**TASK INSTRUCTIONS:** Beginning at the line that contains "PEOPLE: Freut sich", output each line exactly through the end of the records, and drop any pictures.

**DATA IN THIS EXERCISE:**
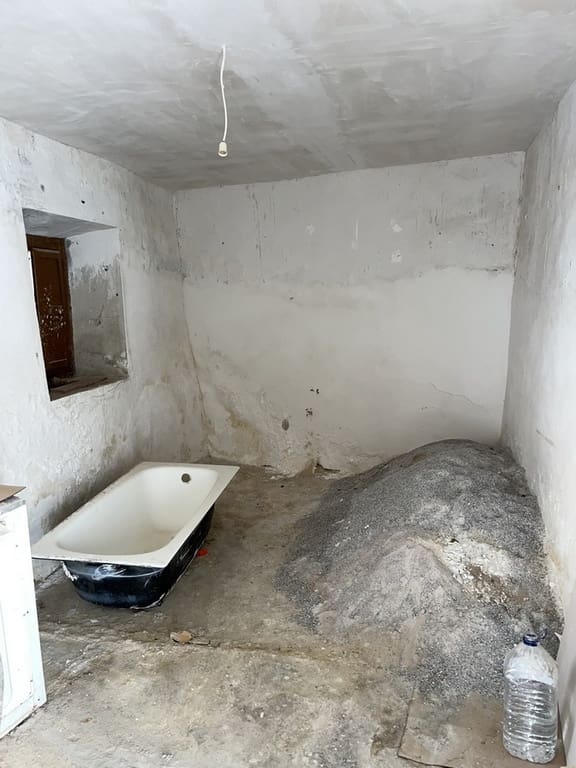 3 bedroom Townhouse for sale in Baza - € 35,000 (Ref: 9496575)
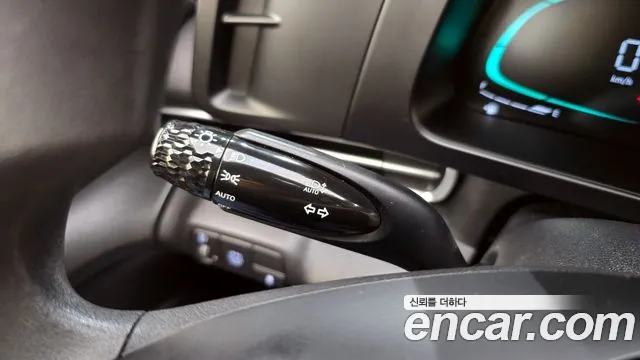 Hyundai AVANTE Smart — Фото автомобиля 18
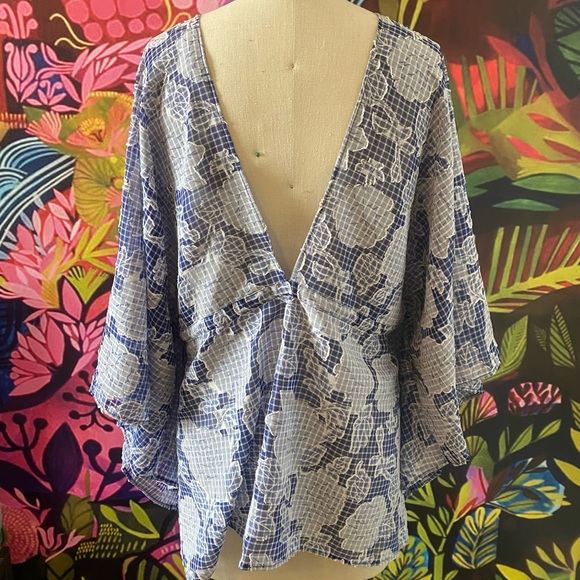 Anthropologie Sheer Floral Flowy Blouse One Size Fits All - Picture 2 of 3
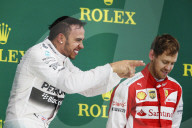 PEOPLE: Freut sich wie ein Weltmeister: Lewis Hamilton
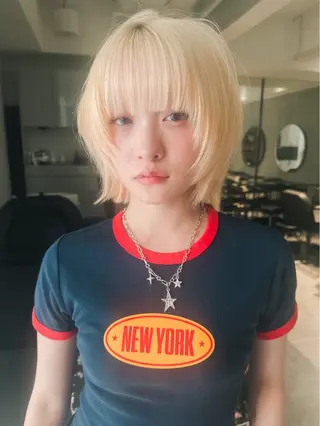 セミロング 村田 灯のヘアスタイル
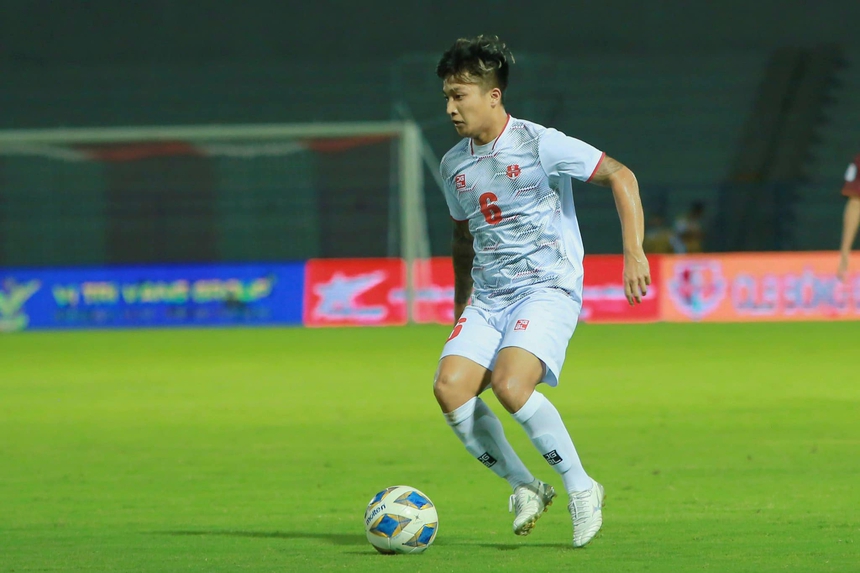 Tin nóng bóng đá Việt 15/12: Xuân Trường được khen ngợi, CLB Bình Định muốn VFF phạt Rimario - Ảnh 6.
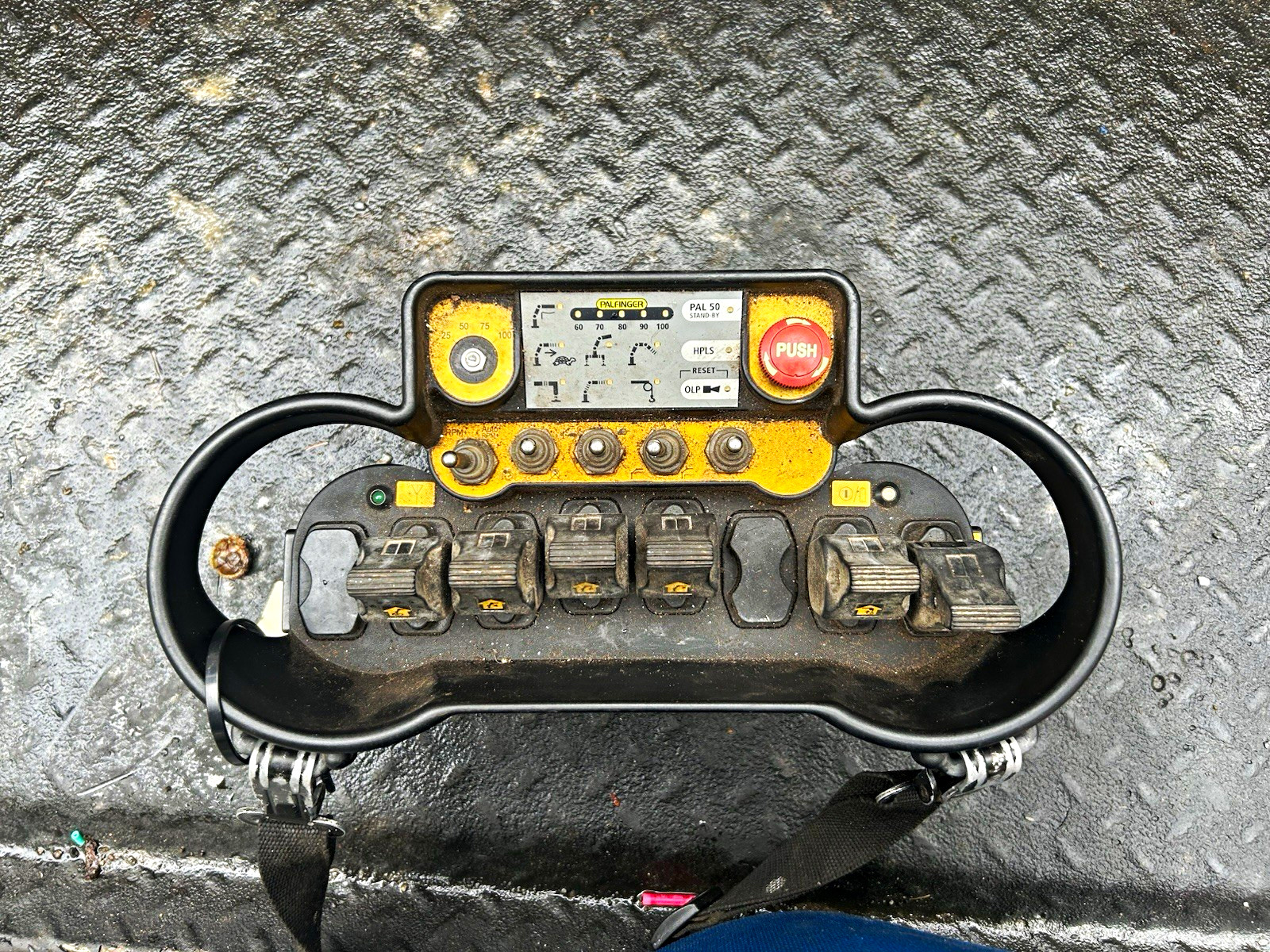 HETRONIC CS458TXN CRANE CONTROLLER TRANSMITTER Type EEA 4523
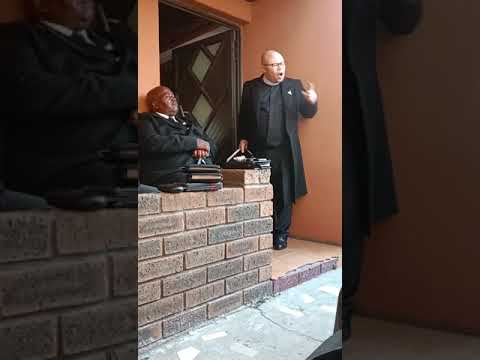 Rev Hlokomfana - Edom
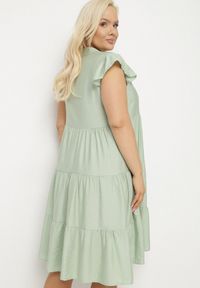 Born2be - Jasnozielona Sukienka o Rozkloszowanym Kroju z Dekoltem w Serek Meverina. Okazja: na co dzień. Typ kołnierza: dekolt w serek. Kolor: zielony. Długość rękawa: krótki rękaw. Wzór: aplikacja. Typ sukienki: proste, rozkloszowane. Styl: casual, elegancki #7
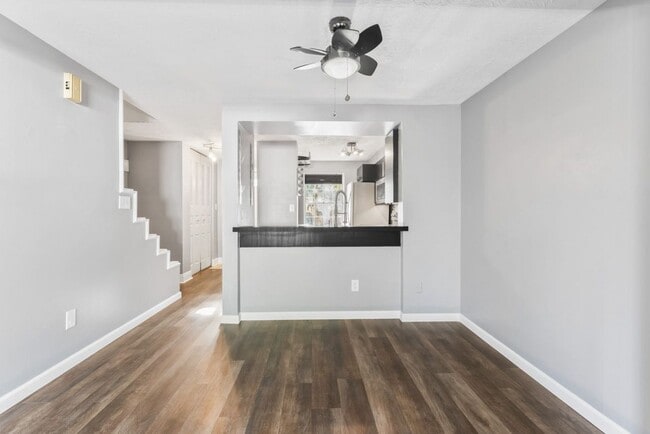 Building Photo - Special Offer – One Week Free Rent!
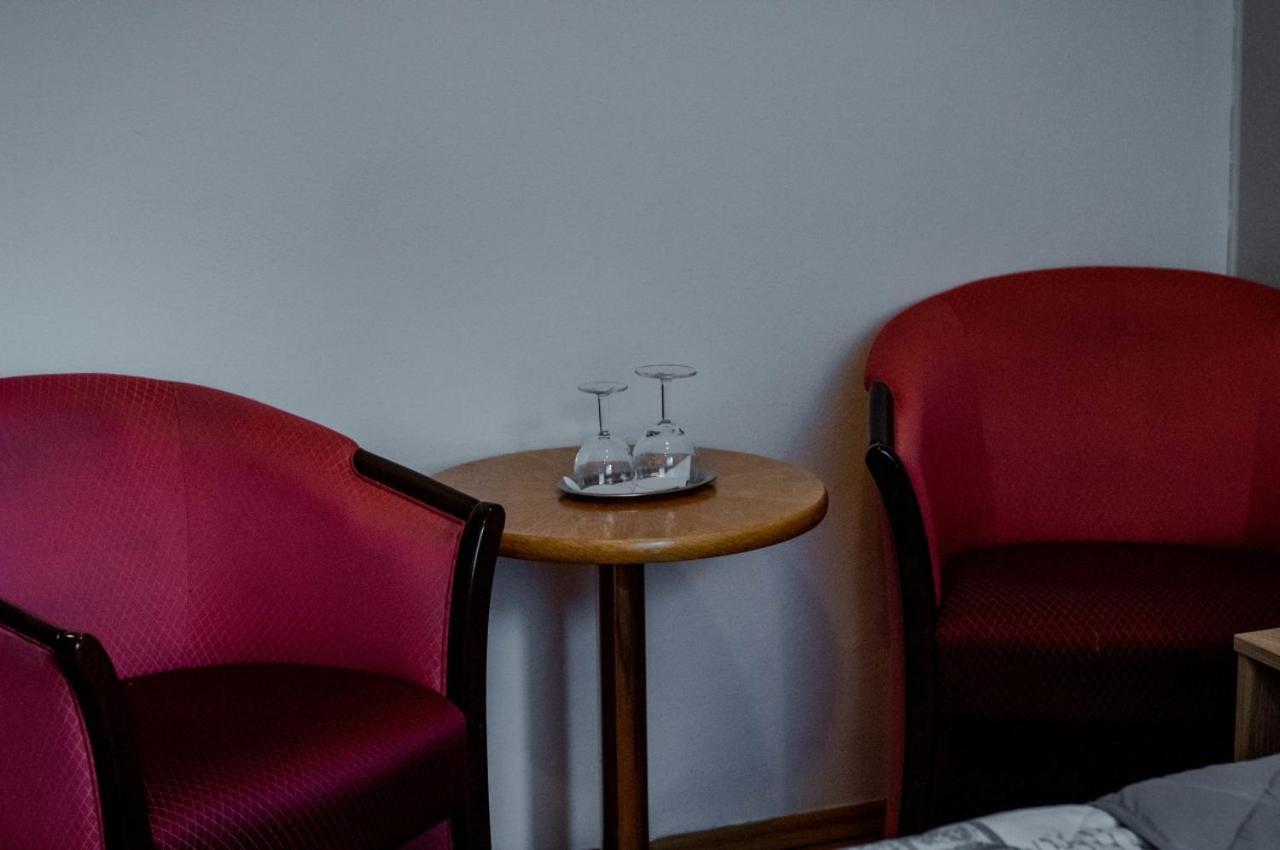 Hotel Kerling Banská Štiavnica Kültér fotó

**RESULT FOR THIS EXERCISE:**
 PEOPLE: Freut sich wie ein Weltmeister: Lewis Hamilton
 セミロング 村田 灯のヘアスタイル
 Tin nóng bóng đá Việt 15/12: Xuân Trường được khen ngợi, CLB Bình Định muốn VFF phạt Rimario - Ảnh 6.
 HETRONIC CS458TXN CRANE CONTROLLER TRANSMITTER Type EEA 4523
 Rev Hlokomfana - Edom
 Born2be - Jasnozielona Sukienka o Rozkloszowanym Kroju z Dekoltem w Serek Meverina. Okazja: na co dzień. Typ kołnierza: dekolt w serek. Kolor: zielony. Długość rękawa: krótki rękaw. Wzór: aplikacja. Typ sukienki: proste, rozkloszowane. Styl: casual, elegancki #7
 Building Photo - Special Offer – One Week Free Rent!
 Hotel Kerling Banská Štiavnica Kültér fotó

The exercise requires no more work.